Government shutdown could delay connectivity efforts, leaders warn

“Every week that we’re delayed is another week that people are not going to get the connections that they need to thrive online,” said NTIA administrator Alan Davidson.
alan davidson ntia
Assistant Commerce Secretary Alan Davidson testifies on federal broadband funding before the Senate Commerce Committee. (U.S. Senate)

Government technology leaders expressed concern during an event Wednesday that a looming government shutdown could delay ongoing efforts to improve the digital divide across America. 

At a Washington D.C. event hosted by Axios, federal officials and lawmakers agreed that funding for the Federal Communications Commission’s Affordable Connectivity Program must be replenished while the government continues to make strides towards bridging the digital divide through the Broadband Equity and Access Deployment Program.

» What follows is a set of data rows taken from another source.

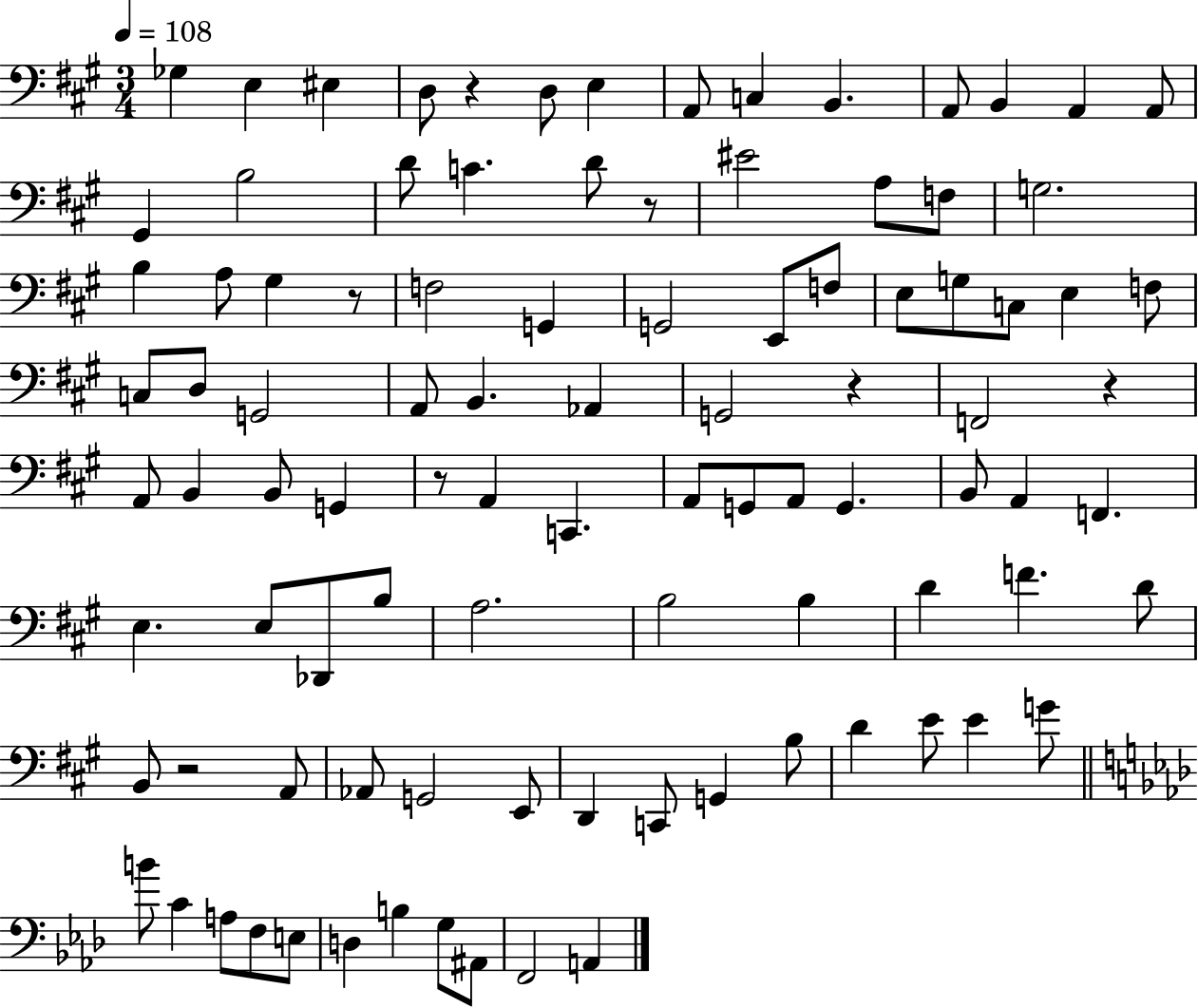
X:1
T:Untitled
M:3/4
L:1/4
K:A
_G, E, ^E, D,/2 z D,/2 E, A,,/2 C, B,, A,,/2 B,, A,, A,,/2 ^G,, B,2 D/2 C D/2 z/2 ^E2 A,/2 F,/2 G,2 B, A,/2 ^G, z/2 F,2 G,, G,,2 E,,/2 F,/2 E,/2 G,/2 C,/2 E, F,/2 C,/2 D,/2 G,,2 A,,/2 B,, _A,, G,,2 z F,,2 z A,,/2 B,, B,,/2 G,, z/2 A,, C,, A,,/2 G,,/2 A,,/2 G,, B,,/2 A,, F,, E, E,/2 _D,,/2 B,/2 A,2 B,2 B, D F D/2 B,,/2 z2 A,,/2 _A,,/2 G,,2 E,,/2 D,, C,,/2 G,, B,/2 D E/2 E G/2 B/2 C A,/2 F,/2 E,/2 D, B, G,/2 ^A,,/2 F,,2 A,,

“Every week that we’re delayed is another week that people are not going to get the connections that they need to thrive online,” said Alan Davidson, an administrator and assistant secretary of commerce for communications and information with the National Telecommunications and Information Administration. 

Davidson said he’s confident the BEAD program will connect every household to broadband internet, but that the funds must be spent wisely to accomplish President Joe Biden’s “simple but ambitious mission.” However, other programs require attention to ensure that mission is accomplished, like continuing funding for ACP and the NTIA’s Middle Mile program, he said. 

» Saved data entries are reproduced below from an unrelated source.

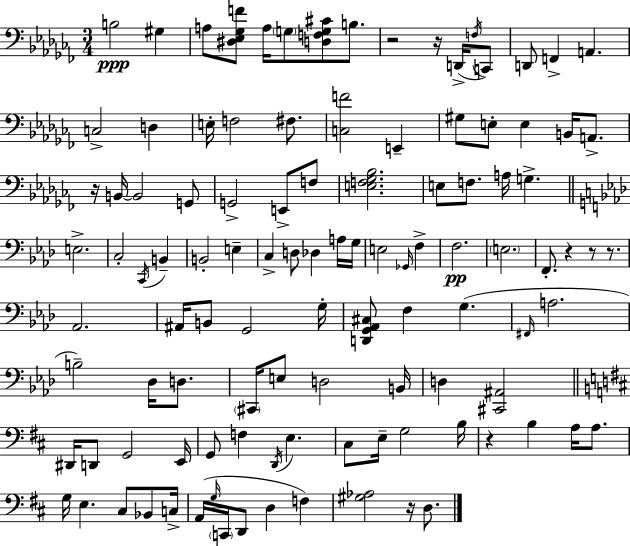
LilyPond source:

{
  \clef bass
  \numericTimeSignature
  \time 3/4
  \key aes \minor
  \repeat volta 2 { b2\ppp gis4 | a8 <dis ees ges f'>8 a16 \parenthesize g8 <d f g cis'>8 b8. | r2 r16 d,16->( \acciaccatura { f16 } c,8) | d,8 f,4-> a,4. | \break c2-> d4 | e16-. f2 fis8. | <c f'>2 e,4-- | gis8 e8-. e4 b,16 a,8.-> | \break r16 b,16~~ b,2 g,8 | g,2-> e,8-> f8 | <e f ges bes>2. | e8 f8. a16 g4.-> | \break \bar "||" \break \key aes \major e2.-> | c2-. \acciaccatura { c,16 } b,4-- | b,2-. e4-- | c4-> d8 des4 a16 | \break g16 e2 \grace { ges,16 } f4-> | f2.\pp | \parenthesize e2. | f,8.-. r4 r8 r8. | \break aes,2. | ais,16 b,8 g,2 | g16-. <d, g, aes, cis>8 f4 g4.( | \grace { fis,16 } a2. | \break b2--) des16 | d8. \parenthesize cis,16 e8 d2 | b,16 d4 <cis, ais,>2 | \bar "||" \break \key d \major dis,16 d,8 g,2 e,16 | g,8 f4 \acciaccatura { d,16 } e4. | cis8 e16-- g2 | b16 r4 b4 a16 a8. | \break g16 e4. cis8 bes,8 | c16-> a,16( \grace { g16 } \parenthesize c,16 d,8 d4 f4) | <gis aes>2 r16 d8. | } \bar "|."
}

But funding for connectivity alone won’t bridge the digital divide, he said, pointing to digital equity programs that focus on issues of affordability, skills and tools. 

“We’re very focused on getting a connection to everybody’s home, but that’s not the end goal,” Davidson said. “The end goal is that people are thriving online.” 

Continuing to fund the ACP would allow the more than 20 million households receiving the $30-a-month subsidy to have more affordable access to the internet, he said.

“It’s a big deal for a lot of families. It needs stable support, it needs funding next year,” Davidson said. “I think probably the top of our list is to keep that program going and make sure that we don’t end the support for families who re really relying on it.”

Sen. Ben Ray Lujan of New Mexico said during the event that as many as 90 million Americans don’t have a connection to the internet because they can’t afford it and that finding potential funding to continue the ACP could be complicated by a shutdown.


“If there’s a government shutdown, everyone starts to shutter and it compounds the problem even more,” Lujan said. “I’m hopeful that there can be some kind of combination of looking at appropriations, whether it’s short-term or midterm.”

FCC Chair Jessica Rosenworcel expressed concerns of what the shutdown would means in terms of recruiting and retaining personnel amid growing workforce constraints. 

She said that when she was confirmed as FCC chair in 2021, the agency was sitting on “tens of thousands” of applications from companies seeking permission to operate satellites. Since then, she said, the application process has been streamlined, which required hiring more engineers, space experts, lawyers and economists — all professions in high demand.

“I’ve got to convince them to come work for the government, I’ve got to convince them that public service is something they should want to do,” Rosenworcel said. “But now I have to convince them of that when I can say: ‘We’re going to have things like government shutdowns where you won’t go to work and you won’t get paid.’ That’s not good for me and the agency, it’s not good for the United States economy and its future.”